M.G. Vassanji, Jenny Heijun Wills and Tim Cook to judge 2021 CBC Nonfiction Prize

The prize is accepting submissions until Feb. 28, 2021

Image | M.G. Vassanji, Tim Cook and Jenny Heijun Wills to judge 2021 CBC Nonfiction Prize

Caption: M.G. Vassanji (left), Jenny Heijun Wills (centre) and Tim Cook are judging 2021 CBC Nonfiction Prize. (Derek Shapton, Submitted by Jenny Heijun Wills, Marie Louise Deruaz)

M.G. Vassanji, Tim Cook and Jenny Heijun Wills will judge the 2021 CBC Nonfiction Prize.

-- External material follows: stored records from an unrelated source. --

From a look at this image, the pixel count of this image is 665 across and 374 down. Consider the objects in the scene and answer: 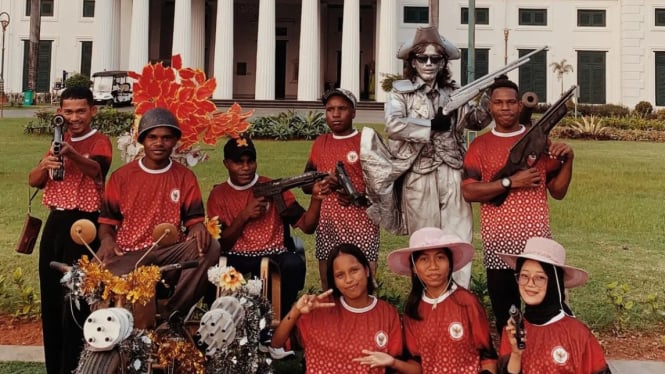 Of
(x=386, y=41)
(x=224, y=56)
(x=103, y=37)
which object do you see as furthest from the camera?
(x=103, y=37)

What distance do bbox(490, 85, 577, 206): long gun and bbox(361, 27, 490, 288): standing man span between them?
0.58 m

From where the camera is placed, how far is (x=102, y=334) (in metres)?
2.81

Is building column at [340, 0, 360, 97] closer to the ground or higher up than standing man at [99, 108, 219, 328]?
higher up

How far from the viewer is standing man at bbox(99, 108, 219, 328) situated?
3645 millimetres

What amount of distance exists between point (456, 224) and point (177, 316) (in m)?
2.04

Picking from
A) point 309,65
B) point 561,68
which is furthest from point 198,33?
point 561,68

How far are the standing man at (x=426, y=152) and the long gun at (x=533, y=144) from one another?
581 mm

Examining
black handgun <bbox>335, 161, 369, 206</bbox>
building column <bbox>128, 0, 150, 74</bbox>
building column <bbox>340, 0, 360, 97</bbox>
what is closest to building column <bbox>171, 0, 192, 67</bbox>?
building column <bbox>128, 0, 150, 74</bbox>

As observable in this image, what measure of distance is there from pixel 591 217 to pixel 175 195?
9225 millimetres

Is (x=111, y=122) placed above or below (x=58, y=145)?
above

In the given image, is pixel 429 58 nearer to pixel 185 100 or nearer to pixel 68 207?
pixel 185 100

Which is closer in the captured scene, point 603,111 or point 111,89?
point 111,89

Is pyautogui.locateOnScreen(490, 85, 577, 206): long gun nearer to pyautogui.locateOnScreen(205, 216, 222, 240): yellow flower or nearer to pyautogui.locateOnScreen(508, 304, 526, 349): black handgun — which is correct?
pyautogui.locateOnScreen(508, 304, 526, 349): black handgun

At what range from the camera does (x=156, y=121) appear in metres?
3.68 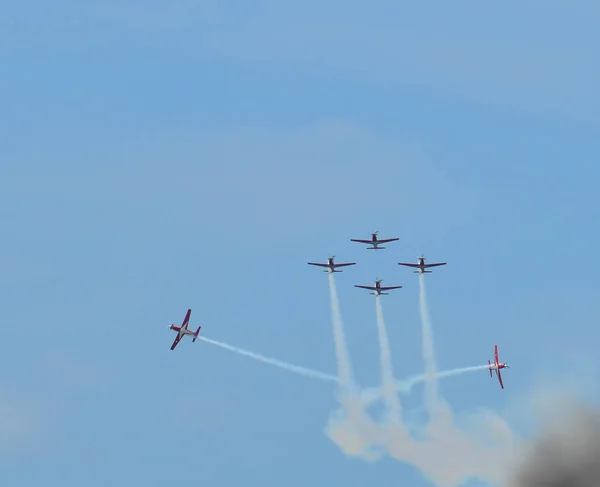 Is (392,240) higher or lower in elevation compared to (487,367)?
higher

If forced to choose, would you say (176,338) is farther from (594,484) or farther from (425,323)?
(594,484)

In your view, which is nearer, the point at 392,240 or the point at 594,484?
Answer: the point at 594,484

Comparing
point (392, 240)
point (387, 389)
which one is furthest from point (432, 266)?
point (387, 389)

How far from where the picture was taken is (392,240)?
165 metres

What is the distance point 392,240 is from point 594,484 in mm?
33118

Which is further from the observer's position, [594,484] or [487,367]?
[487,367]

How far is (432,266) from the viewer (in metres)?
164

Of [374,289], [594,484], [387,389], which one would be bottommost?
[594,484]

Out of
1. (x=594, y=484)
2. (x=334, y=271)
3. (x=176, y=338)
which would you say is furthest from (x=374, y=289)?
(x=594, y=484)

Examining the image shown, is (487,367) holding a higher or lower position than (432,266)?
lower

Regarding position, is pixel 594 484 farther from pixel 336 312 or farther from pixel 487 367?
pixel 336 312

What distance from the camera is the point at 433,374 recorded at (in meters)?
156

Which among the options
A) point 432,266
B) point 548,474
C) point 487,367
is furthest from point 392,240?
point 548,474

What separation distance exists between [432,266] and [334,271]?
10.1 m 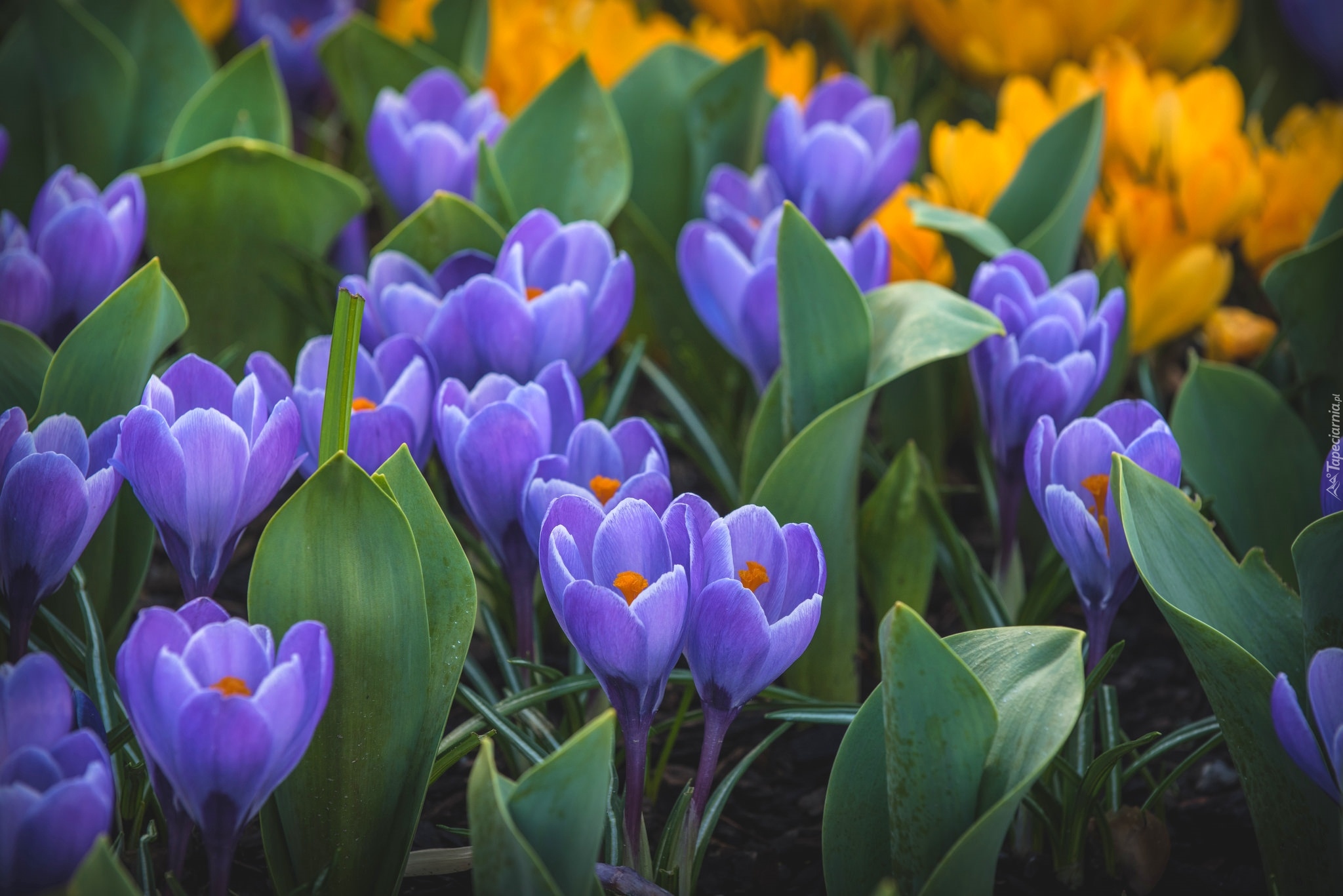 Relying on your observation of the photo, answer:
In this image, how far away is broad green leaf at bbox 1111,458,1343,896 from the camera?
27.0 inches

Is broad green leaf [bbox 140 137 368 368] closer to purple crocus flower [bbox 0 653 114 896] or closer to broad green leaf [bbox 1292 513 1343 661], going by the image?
purple crocus flower [bbox 0 653 114 896]

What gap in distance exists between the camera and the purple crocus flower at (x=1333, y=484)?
763mm

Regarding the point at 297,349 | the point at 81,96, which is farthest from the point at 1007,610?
the point at 81,96

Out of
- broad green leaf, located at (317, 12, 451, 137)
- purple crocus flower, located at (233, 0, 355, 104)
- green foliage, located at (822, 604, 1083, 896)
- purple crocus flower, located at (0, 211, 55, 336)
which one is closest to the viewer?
green foliage, located at (822, 604, 1083, 896)

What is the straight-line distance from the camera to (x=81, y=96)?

The CBC Nonfiction Prize recognizes original, unpublished nonfiction up to 2,000 words. Memoir, biography, humour writing, essay, personal essay, travel writing or a feature article are all accepted.
The deadline to submit is Feb. 28 at 11:59 p.m. ET.

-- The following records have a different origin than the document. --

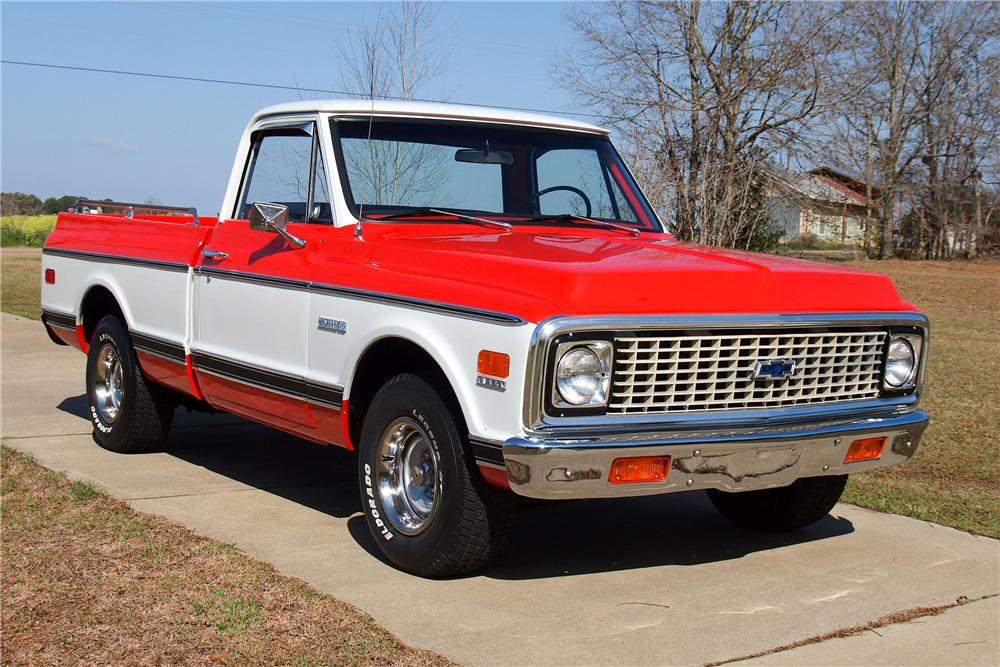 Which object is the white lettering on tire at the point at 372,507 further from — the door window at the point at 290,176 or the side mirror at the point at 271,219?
the door window at the point at 290,176

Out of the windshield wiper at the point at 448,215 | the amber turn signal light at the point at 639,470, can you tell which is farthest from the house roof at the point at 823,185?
the amber turn signal light at the point at 639,470

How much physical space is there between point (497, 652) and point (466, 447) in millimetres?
847

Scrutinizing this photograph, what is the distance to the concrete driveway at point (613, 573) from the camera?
13.7ft

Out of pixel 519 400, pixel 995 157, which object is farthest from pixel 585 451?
pixel 995 157

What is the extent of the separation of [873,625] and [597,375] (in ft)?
4.77

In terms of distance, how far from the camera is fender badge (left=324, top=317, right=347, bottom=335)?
5.12 m

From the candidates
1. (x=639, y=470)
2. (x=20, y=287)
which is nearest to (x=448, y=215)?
(x=639, y=470)

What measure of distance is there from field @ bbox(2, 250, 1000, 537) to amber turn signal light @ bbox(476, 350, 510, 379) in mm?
3013

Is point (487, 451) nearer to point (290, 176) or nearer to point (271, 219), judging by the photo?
point (271, 219)

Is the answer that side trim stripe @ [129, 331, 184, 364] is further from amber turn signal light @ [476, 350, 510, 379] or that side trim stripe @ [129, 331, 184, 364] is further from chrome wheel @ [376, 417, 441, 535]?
amber turn signal light @ [476, 350, 510, 379]

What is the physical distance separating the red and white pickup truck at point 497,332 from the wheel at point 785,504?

The winner will receive $6,000 from the Canada Council for the Arts(external link), have the opportunity to attend a two-week writing residency at the Banff Centre for Arts and Creativity(external link) and have their work published on CBC Books(external link).

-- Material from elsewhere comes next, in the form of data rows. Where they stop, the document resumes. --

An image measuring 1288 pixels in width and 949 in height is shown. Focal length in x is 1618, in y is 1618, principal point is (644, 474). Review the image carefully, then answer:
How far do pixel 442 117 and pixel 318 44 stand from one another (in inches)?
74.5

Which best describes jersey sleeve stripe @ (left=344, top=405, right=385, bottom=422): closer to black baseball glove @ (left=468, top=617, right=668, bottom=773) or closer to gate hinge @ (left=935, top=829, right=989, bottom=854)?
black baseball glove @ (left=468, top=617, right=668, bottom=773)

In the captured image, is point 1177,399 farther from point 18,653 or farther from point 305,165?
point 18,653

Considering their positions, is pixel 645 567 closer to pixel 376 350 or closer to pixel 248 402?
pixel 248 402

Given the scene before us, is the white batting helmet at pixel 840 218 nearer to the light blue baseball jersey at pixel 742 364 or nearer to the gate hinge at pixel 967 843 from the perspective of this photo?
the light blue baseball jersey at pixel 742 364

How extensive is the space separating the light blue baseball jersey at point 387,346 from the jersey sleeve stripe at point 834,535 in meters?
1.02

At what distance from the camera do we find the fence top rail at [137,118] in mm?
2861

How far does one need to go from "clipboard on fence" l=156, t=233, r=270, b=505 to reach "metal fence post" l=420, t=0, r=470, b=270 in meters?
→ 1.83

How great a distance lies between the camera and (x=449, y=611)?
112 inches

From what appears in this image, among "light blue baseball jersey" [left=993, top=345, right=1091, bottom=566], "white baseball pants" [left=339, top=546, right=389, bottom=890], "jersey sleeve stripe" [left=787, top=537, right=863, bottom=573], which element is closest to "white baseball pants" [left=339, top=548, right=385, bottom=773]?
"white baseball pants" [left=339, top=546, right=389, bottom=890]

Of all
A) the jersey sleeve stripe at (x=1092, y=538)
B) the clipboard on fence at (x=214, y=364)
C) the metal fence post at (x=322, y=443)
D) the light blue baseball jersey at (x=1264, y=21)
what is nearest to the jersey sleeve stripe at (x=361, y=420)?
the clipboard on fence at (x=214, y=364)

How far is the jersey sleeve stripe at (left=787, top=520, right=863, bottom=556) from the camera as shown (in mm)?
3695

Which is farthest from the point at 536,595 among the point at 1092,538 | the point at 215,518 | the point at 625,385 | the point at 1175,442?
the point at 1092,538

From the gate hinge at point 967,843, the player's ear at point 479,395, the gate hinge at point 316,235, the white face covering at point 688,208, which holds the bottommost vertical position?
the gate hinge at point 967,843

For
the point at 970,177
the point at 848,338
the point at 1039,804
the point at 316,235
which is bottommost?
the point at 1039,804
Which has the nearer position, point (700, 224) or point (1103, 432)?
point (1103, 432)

Four finalists will each receive $1,000 from the Canada Council for the Arts(external link) and have their work published on CBC Books(external link).
M.G. Vassanji has published short stories, novels, memoir and biography. He has won the Scotiabank Giller Prize twice: in 1994 for The Book of Secrets and in 2003 for The In-Between World of Vikram Lall. He has also won the Governor General's Literary Award, the Harbourfront Festival Prize and the Commonwealth First Book Prize. He was born in Nairobi, Kenya, raised in Tanzania and now lives in Toronto. His next book is the short story collection What You Are, which will be published in May 2021.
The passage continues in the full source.